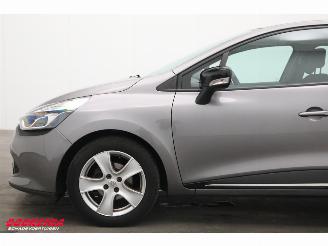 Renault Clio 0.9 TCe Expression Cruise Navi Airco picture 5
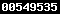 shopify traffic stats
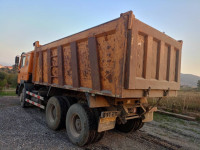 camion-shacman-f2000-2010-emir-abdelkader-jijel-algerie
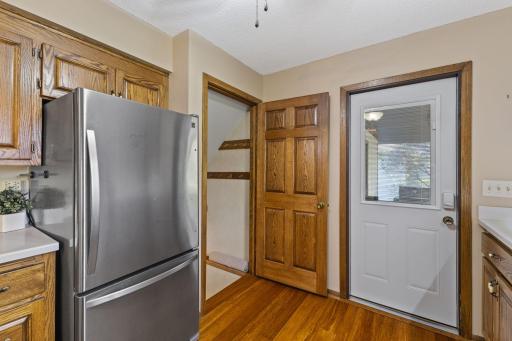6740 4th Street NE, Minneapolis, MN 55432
____________________
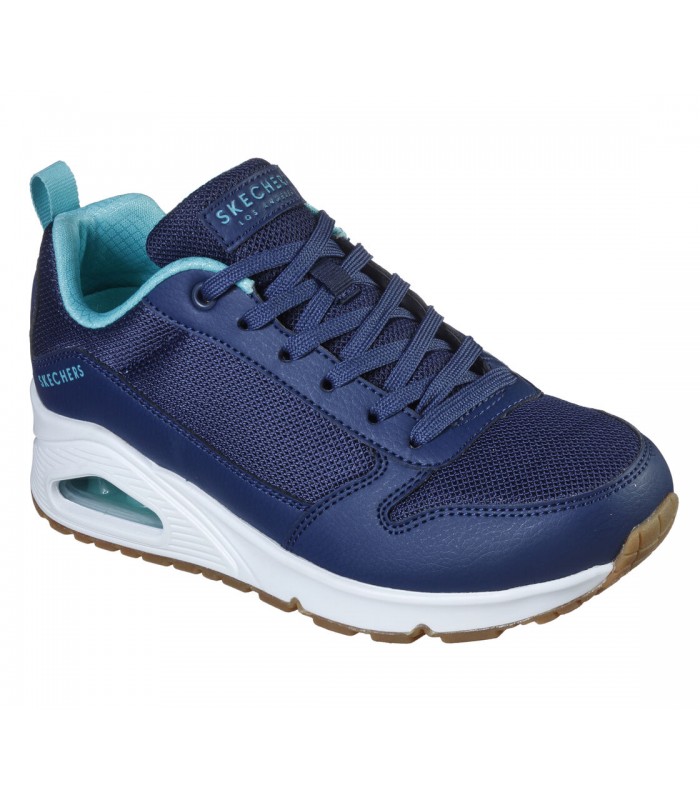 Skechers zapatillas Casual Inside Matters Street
____________________
◆ Description of the task ◆
Copy nothing but the lines above that run from the one with "shopify traffic stats" to the one with "6740 4th Street NE, Minneapolis, MN 55432", ends included; pictures stay out.

◆ Solution ◆
 shopify traffic stats
 camion-shacman-f2000-2010-emir-abdelkader-jijel-algerie
6740 4th Street NE, Minneapolis, MN 55432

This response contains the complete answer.